Before that, most revocations were for gross violations — drugs or "someone who had a trunkload of clothes from Nordstrom they didn't declare" to Customs authorities, he said.
"Now they are yanking cards from little old ladies because of the actions of their adult sons," he said. "People are being found guilty by association. The whole fairness of the system is in jeopardy."
Border officials say Nexus is a privilege and members can be kicked out for any of a number of violations, even for the actions of those they are linked to by, say, an address.
Rigorous screening
They must be citizens and legal residents of the U.S. or Canada, pay $50 for the cards and pass rigorous prescreening by U.S. Customs and Border Protection and Canada Border Services Agency.
"By putting people in this lane, we're saying we don't need to concentrate a lot of resources on them," said Mike Milne, spokesman for Customs and Border Protection. "It frees us up to focus on these others we know nothing about."
But, he said, "If you're linked to criminal activity — now or in the past — whether it's through an address, a vehicle, a business, it may be in our best interest to put you in a regular lane so you can undergo regular scrutiny."
Nexus is linked to the individual — not the vehicle — and only those with a membership are allowed in the special lane. Electronic readers scan cards in the vehicle as it approaches the officer's booth, displaying photos and other information.
Members are required to make Customs declarations for items they bring into each country; border officials make random selections for secondary screening to make sure they do.
And, oh, the things they find: guns, drugs, immigrants hiding in trunks: "We've had smuggling organizations enroll people with no criminal record and caught them transporting aliens and narcotics into the country," Milne said.

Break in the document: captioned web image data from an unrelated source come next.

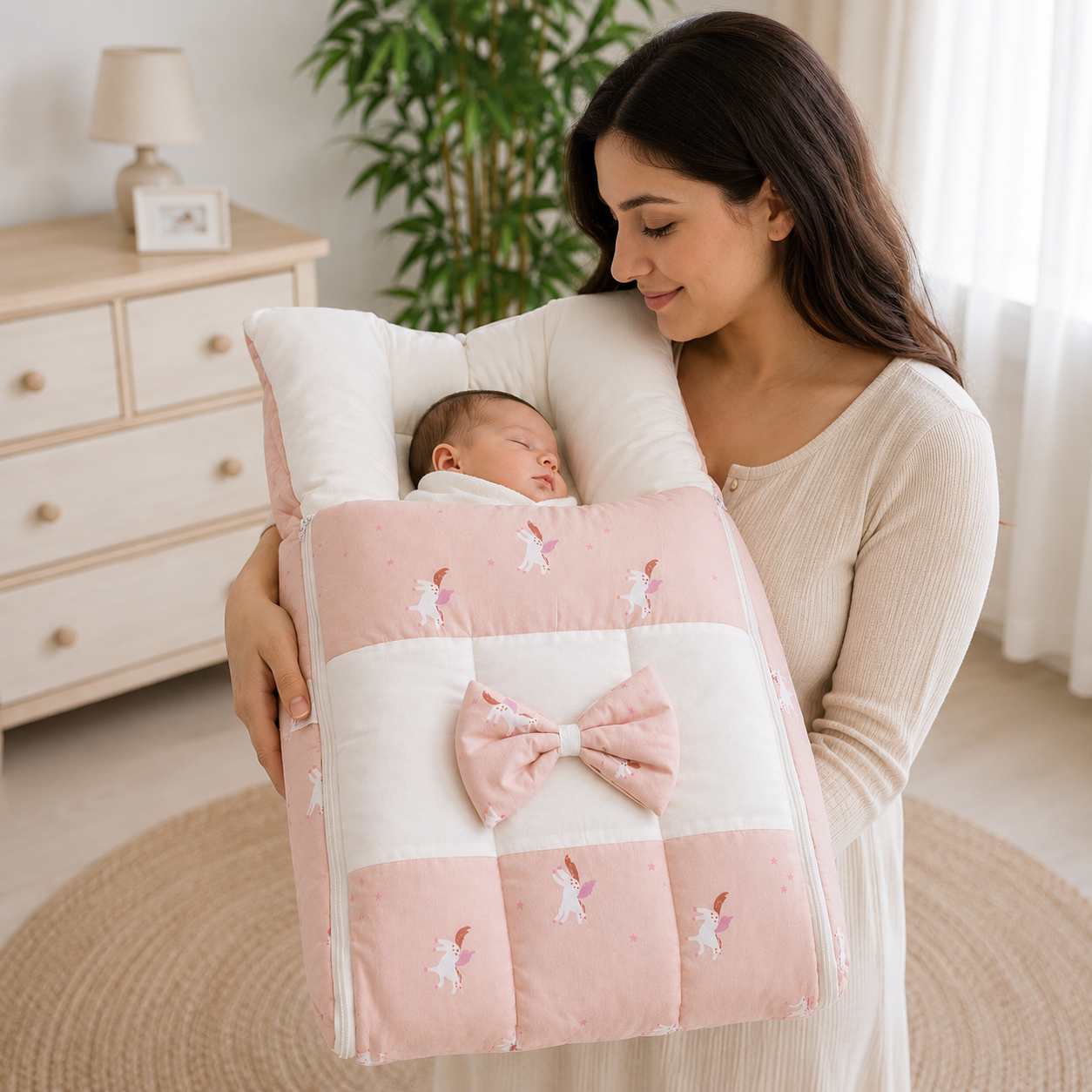 Unicorn Baby Carry Nest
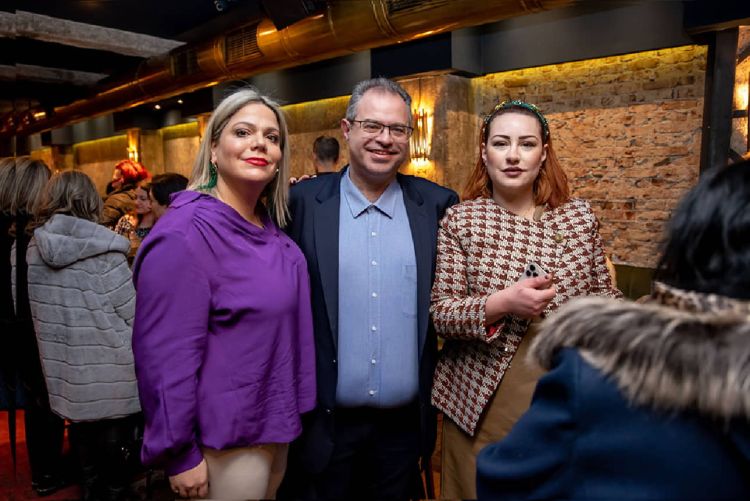 Κουτρούπας – Συζήτηση με τις γυναίκες της Κατερίνης την Κυριακή 12.02.23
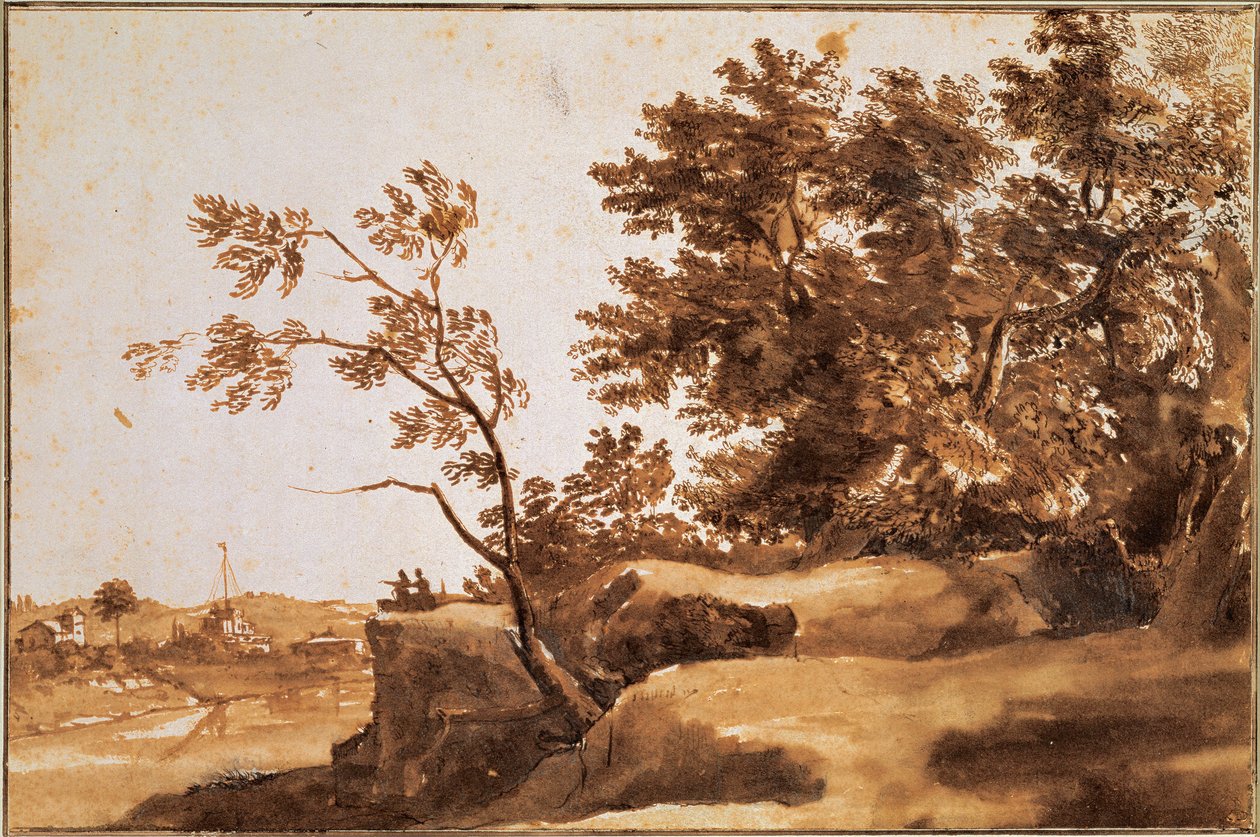  av Claude Lorrain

Statistics show that while the number of revocations and denials has risen slightly over time, they appear to be in line with the increase in overall applications.
In 2006, security clearances for the program were centralized in Williston, Vt., and final decisions about Nexus membership were taken out of the hands of local border officials and standardized.
The centralized program has access to more criminal and other information, which might help explain some of the revocations and denials, Milne said.
Attorneys and their clients say loss of local control has made it more difficult to successfully appeal negative decisions. In January, the Vermont office added an ombudsman to consider appeals.
Local help
But attorney Saunders said he still goes through local officials, who may then recommend to the ombudsman that a card be renewed. It worked for the Blaine couple whose son was caught at the border with marijuana.
After a year without Nexus, the husband said, "You appreciate the value of having it."
Others haven't been so lucky.
In addition to rejecting his son, Nexus also turned down the B.C. professor's renewal application last summer, citing a Customs violation. For weeks he tried unsuccessfully to learn what the violation was, but the "only thing I could think of was the apple."
A U.S. citizen who asked that his name not be used for fear of retribution, the professor recalled an incident years ago under the program's forerunner, PACE, which the U.S. discontinued after the Sept. 11 attacks.
He said a friend he'd given a ride to forgot his bagged lunch, with an apple in it, in the professor's car.
U.S. border officials discovered it, warned him about restrictions on produce, and "that was that." In 2002 they issued him a Nexus card with no problem.
He believes the incident has come back to haunt him: "The whole irony is that it was a Washington apple."